The talk was a part of the “Last Lecture” series held by the Mortar Board, a national honor society for students who have distinguished ability in scholarship and leadership. The lecture series gives professors to speak to students as though this was their last opportunity. “I like to think that people come into this world with a sack of stuff over their shoulders, and the journey of life is about meeting people and opening up [their] bag of stuff and trading,” Tobias said.

This philosophy, part of Tobias’ Interactive Paradigm, which expresses the importance of mutual benefit through cooperation and trade, is the key to “doing well and doing good.” The Interactive Paradigm is the third of Tobias’ Three Paradigms that hinder our ability to do good and do well.

The Individual Deficiency Paradigm, the second of the three, describes the human fault of focusing on the deficiencies or bad qualities of others instead of seeing the benefits that an individual can offer.
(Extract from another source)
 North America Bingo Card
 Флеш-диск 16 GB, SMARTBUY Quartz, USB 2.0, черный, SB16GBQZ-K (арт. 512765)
The paradigm emphasizes a need for cooperation and sense of community.

“Many people think of community as the underpinning of the idea of doing good; people work best in groups,” Tobias said. This idea of interdependency is the key to understanding and overcoming the individual deficiency paradigm.

Interdependency can be applied to success in business, as well. What Tobias calls pragmatic business centers around the idea that people should integrate personal values with business values, and requires congruence between people’s needs and their own.

The Social Dysfunctional Paradigm explains the fault in criticizing various organizations, governments or other sources of power by failing to take an active role in changing them. Tobias, currently the director of the Community and Rural Development Institute, shared his own difficulties with finding a career which would allow him to both succeed financially and make charitable contributions to others, a difficulty which caused him to switch from job to job.

“You cannot feel entirely satisfied until you start to get equity in a relationship” whether it be business, or community. Success, therefore, is “not necessarily about picking the right job.”

Many students abide by the philosophy that working hard helps one acquire more opportunities. Tobias, however, believes that more choices are a “curse.” Given enough time, we could do many things, and have many choices, but doing good and doing well depend on how we see opportunities, and not necessarily how many we have.

According to Tobias, philanthropy has become something that some do simply because it has been encouraged by society. Today, 89 percent of households in the United Sates make charitable donations, and 44 percent of the population engages in volunteer activity which accounts for approximately $228 billion in volunteer time.

Success lies in doing well and doing good. If given the opportunity to express famous last words to Cornellians, Tobias’s would be “lead with your heart, not your degree.”